Dimension mémorielle et frémissement zurlinien
Filmées comme à travers le voile vaporeux morne des souvenirs, les rues de Florence sont le théâtre microcosmique d’ échanges malaisés entre les deux hommes dans un pays secoué par le fascisme en toile de fond.
La dimension mémorielle est toujours prégnante dans la filmographie de Zurlini qui façonne à l’extrême les relations humaines. Timide soupirant boutonneux dans La fille à la valise, Jacques Perrin est très convaincant et bouleversant en jeune frère incurable.
Le canevas du roman de Vasco Tropolini éveille un écho autobiographique en lui. Partiellement élevé par sa grand-mère, Tropolini a dû endurer la mort de sa mère de la grippe espagnole. Le romancier creuse une mémoire personnelle douloureuse dans un processus de remémoration qui se cristallise entre mémoire et réalité.
La douleur est souffrance intime et muette et la traduction imagée en est d’autant plus déchirante. Pratolini se raconte dans un récit narratif où il fait acte de résilience sur lui-même et s’extériorise dans ses personnages. La figure maternelle brille par son absence comme une sorte d’icône intouchable. Le rapport intime à la mère est alors figé dans la mémoire sous la forme d’une image mythique.

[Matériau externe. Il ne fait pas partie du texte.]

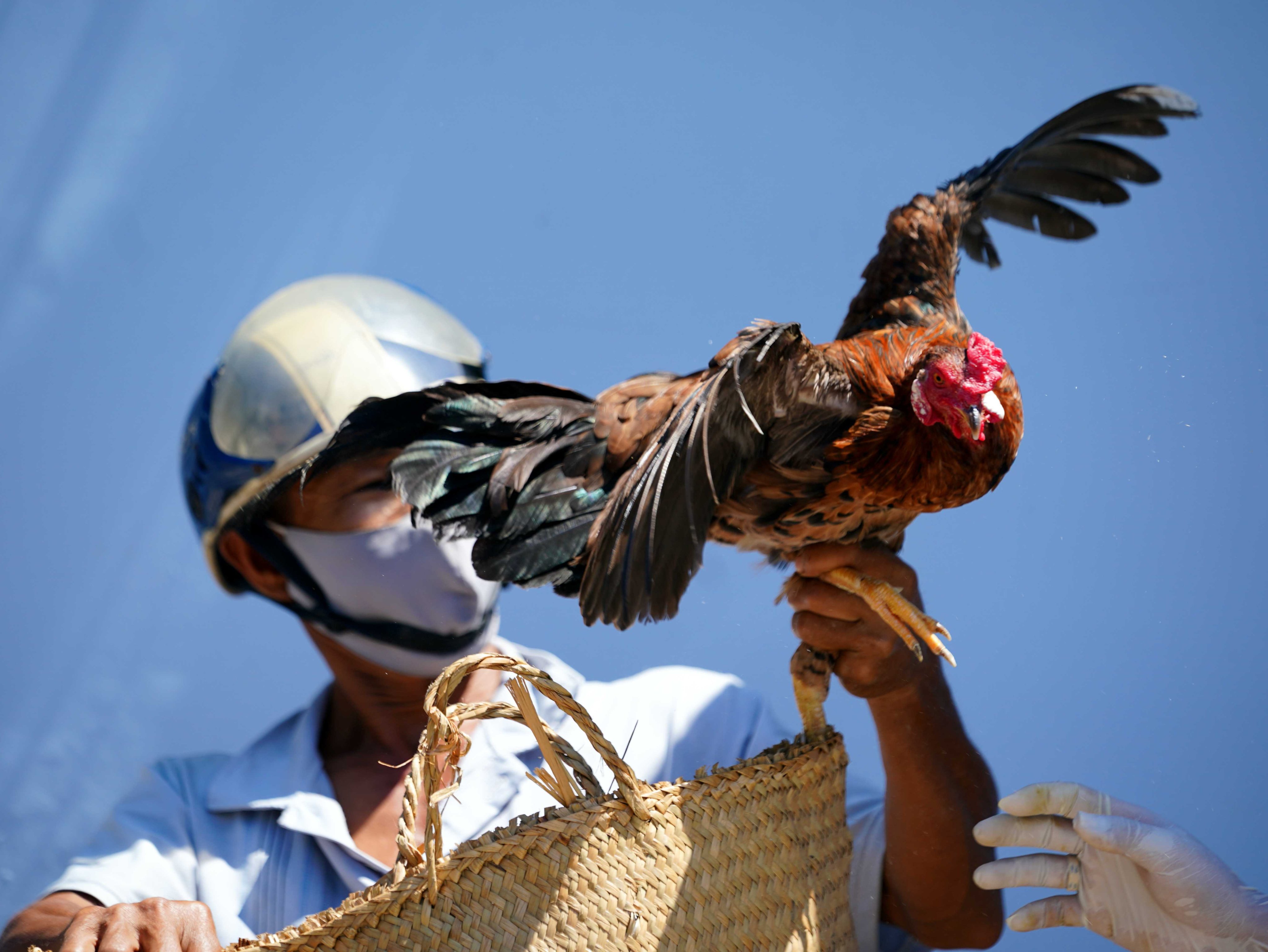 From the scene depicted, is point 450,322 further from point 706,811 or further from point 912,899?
point 912,899

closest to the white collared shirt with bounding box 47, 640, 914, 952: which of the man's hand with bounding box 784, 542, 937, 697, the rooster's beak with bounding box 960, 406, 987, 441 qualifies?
the man's hand with bounding box 784, 542, 937, 697

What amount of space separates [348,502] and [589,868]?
0.98 m

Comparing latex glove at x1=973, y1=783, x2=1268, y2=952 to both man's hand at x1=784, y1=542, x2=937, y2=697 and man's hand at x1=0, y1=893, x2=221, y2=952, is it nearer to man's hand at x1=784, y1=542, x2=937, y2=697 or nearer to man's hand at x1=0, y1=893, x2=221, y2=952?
man's hand at x1=784, y1=542, x2=937, y2=697

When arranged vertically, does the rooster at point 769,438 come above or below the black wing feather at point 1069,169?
below

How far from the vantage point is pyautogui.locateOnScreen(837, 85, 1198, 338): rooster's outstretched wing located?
1411 millimetres

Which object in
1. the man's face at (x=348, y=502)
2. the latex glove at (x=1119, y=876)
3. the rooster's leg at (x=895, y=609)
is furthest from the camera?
the man's face at (x=348, y=502)

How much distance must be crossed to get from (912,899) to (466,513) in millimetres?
887

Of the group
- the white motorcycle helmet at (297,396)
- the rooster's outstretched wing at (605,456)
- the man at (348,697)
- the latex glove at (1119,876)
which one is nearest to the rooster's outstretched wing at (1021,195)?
the rooster's outstretched wing at (605,456)

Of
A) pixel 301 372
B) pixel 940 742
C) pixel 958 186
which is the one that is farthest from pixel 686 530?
pixel 301 372

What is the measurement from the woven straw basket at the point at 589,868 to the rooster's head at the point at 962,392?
1.58 ft

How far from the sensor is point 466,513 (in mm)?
1297

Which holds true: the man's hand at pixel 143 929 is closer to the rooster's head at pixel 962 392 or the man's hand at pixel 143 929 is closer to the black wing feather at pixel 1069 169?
the rooster's head at pixel 962 392

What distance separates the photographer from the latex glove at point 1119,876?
978 millimetres

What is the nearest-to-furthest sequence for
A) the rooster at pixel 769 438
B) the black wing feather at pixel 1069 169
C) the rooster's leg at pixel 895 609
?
the rooster at pixel 769 438, the rooster's leg at pixel 895 609, the black wing feather at pixel 1069 169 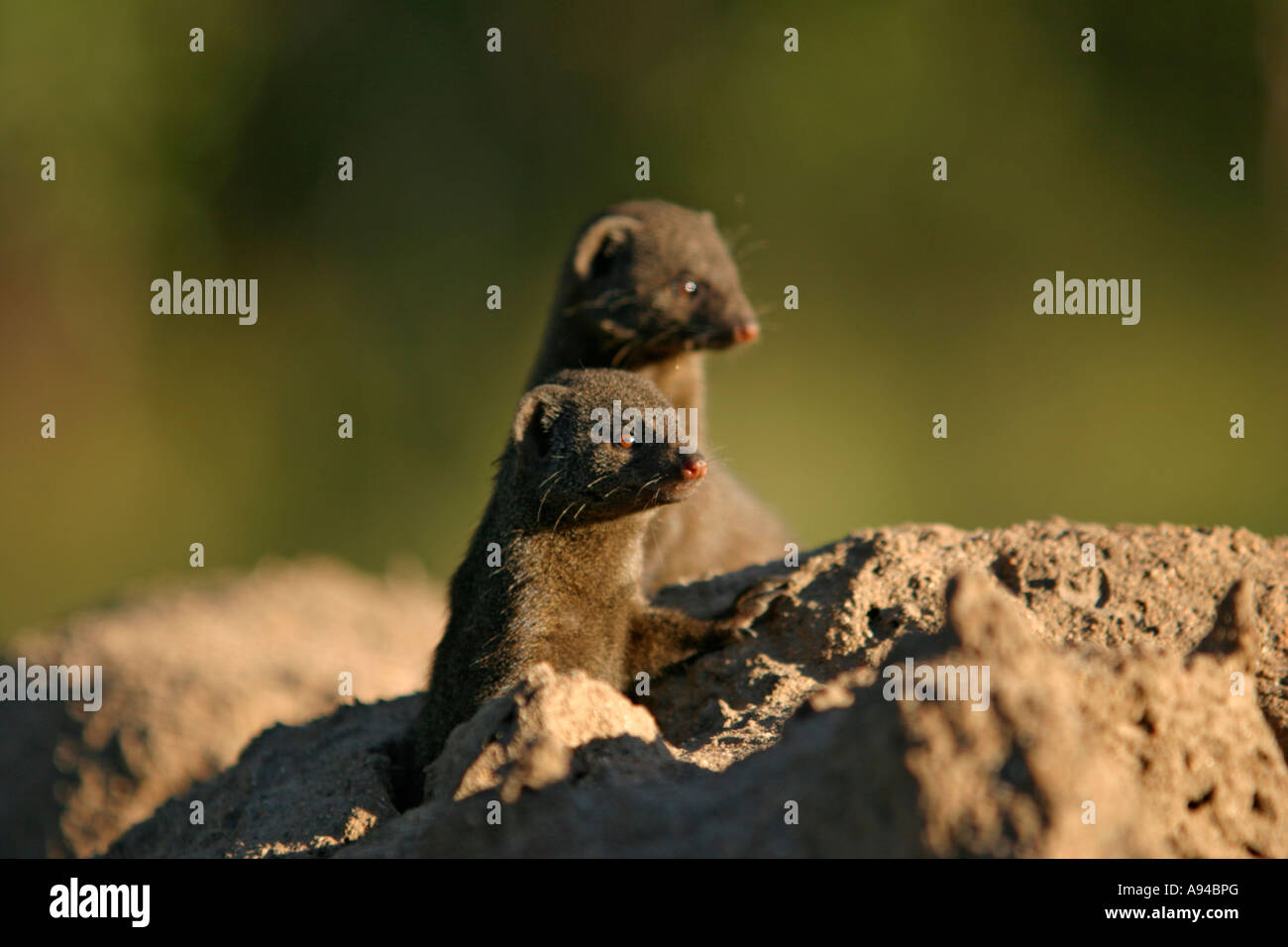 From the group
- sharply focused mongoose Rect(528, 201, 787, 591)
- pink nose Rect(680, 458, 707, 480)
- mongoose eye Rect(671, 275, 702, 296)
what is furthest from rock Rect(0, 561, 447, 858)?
pink nose Rect(680, 458, 707, 480)

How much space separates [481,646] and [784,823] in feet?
6.04

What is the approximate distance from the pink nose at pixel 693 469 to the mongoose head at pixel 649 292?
1.77 metres

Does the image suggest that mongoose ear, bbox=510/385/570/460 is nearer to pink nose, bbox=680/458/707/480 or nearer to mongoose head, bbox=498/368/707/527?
mongoose head, bbox=498/368/707/527

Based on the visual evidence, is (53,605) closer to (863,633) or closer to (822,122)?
(822,122)

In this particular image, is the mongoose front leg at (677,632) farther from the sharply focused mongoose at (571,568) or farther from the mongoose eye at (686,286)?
the mongoose eye at (686,286)

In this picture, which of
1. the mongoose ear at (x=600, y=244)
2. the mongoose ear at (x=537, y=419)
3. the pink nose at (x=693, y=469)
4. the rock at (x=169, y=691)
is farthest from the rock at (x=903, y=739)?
the mongoose ear at (x=600, y=244)

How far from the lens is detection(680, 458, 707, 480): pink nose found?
3.93m

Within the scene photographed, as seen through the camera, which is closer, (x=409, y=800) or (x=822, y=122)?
(x=409, y=800)

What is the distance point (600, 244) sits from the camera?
6027mm

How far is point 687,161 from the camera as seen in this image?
12539 mm

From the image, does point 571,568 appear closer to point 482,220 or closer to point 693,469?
point 693,469

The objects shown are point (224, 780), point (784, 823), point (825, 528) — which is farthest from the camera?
point (825, 528)

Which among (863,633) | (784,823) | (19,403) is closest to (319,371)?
(19,403)

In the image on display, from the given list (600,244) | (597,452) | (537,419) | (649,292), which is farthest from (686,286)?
(597,452) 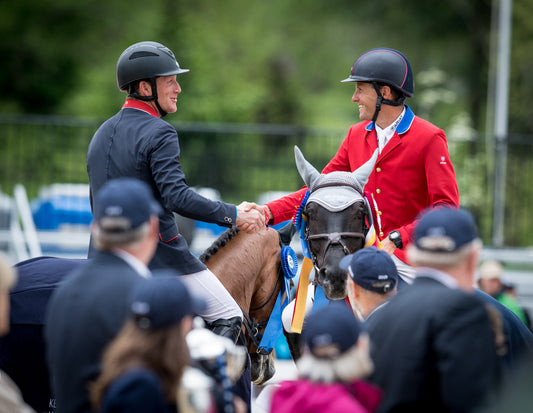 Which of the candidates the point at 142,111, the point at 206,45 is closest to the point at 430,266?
the point at 142,111

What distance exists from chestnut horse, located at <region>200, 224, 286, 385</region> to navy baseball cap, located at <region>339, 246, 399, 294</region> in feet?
4.87

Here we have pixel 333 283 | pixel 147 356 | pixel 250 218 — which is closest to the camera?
pixel 147 356

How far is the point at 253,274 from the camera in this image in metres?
4.91

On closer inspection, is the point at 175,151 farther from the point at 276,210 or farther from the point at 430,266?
the point at 430,266

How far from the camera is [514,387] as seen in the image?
7.44 ft

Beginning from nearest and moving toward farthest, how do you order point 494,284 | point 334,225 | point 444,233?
point 444,233, point 334,225, point 494,284

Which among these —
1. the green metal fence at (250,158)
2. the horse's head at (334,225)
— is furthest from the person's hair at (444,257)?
the green metal fence at (250,158)

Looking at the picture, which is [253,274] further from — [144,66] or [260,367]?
[144,66]

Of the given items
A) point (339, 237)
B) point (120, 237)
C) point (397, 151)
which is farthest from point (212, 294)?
point (120, 237)

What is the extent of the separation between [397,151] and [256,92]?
764 inches

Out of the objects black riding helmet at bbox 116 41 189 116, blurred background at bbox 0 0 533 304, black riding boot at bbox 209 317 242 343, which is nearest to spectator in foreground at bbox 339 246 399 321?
black riding boot at bbox 209 317 242 343

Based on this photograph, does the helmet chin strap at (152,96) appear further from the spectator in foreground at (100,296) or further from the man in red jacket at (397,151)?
the spectator in foreground at (100,296)

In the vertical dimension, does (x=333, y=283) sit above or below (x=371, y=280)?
below

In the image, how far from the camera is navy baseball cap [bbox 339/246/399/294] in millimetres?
3301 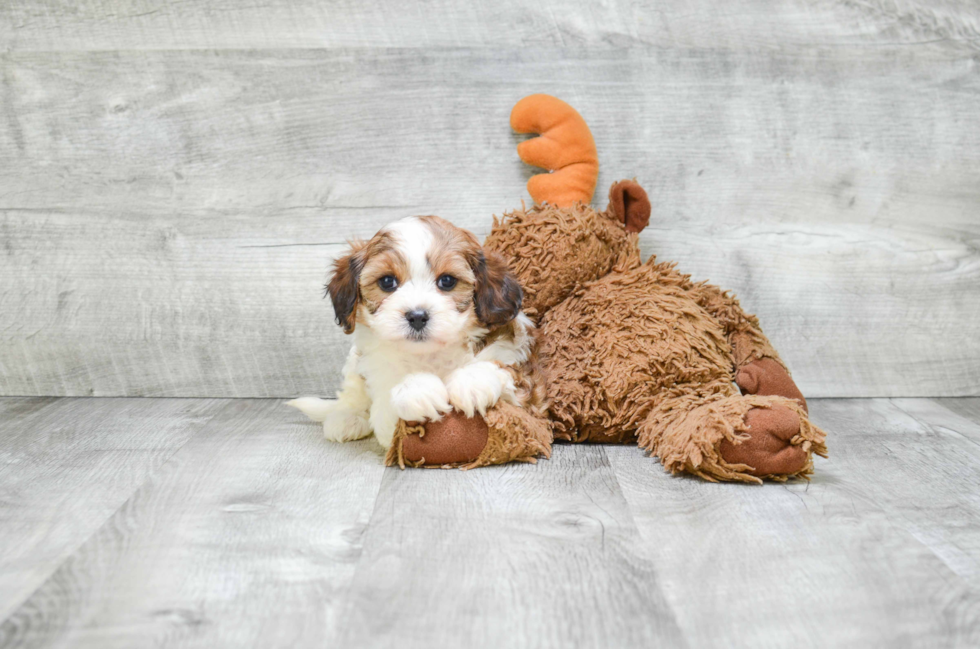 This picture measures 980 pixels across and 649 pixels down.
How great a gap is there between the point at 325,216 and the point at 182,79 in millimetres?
570

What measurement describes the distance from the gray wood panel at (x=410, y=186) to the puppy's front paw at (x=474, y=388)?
79 centimetres

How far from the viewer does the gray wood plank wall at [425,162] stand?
7.36 feet

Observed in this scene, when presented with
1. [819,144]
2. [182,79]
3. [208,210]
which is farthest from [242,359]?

Narrateur-protagoniste, Enrico découvre l’humanisation de sa personne dans la reconnaissance de sa propre douleur dans celle des autres dont son frère cadet mourant. Le film traduit l’objectivation d’une souffrance au départ exclusivement intime dans une expérience chorale de la souffrance. La douleur est aussi historique puisqu’elle est une résultante de la guerre qui façonne les mentalités.
Zurlini insuffle à sa mise en scène dépouillée un sens aigu de l’isolement et de la solitude qu’il obtient en laissant cheminer côte à côte ses personnages tourmentés à travers les rues désertes et mornes de Florence filmées de magistrale façon par la cinématographie de Giuseppe Rotunno favorisant la confrontation feutrée de ces deux êtres que la vie a séparés. A la lassitude inexpressive d’Enrico correspond en miroir la figure frêle et le visage hâve de Lorenzo miné par une mystérieuse maladie qui le consume de l’intérieur.
Valerio Zurlini livre une confession désespérée de frustrations qui vise à rendre compte des sentiments familiaux évanescents. Sa chronique familiale ravive en chacun de nous les braises des liens de sang imputrescibles.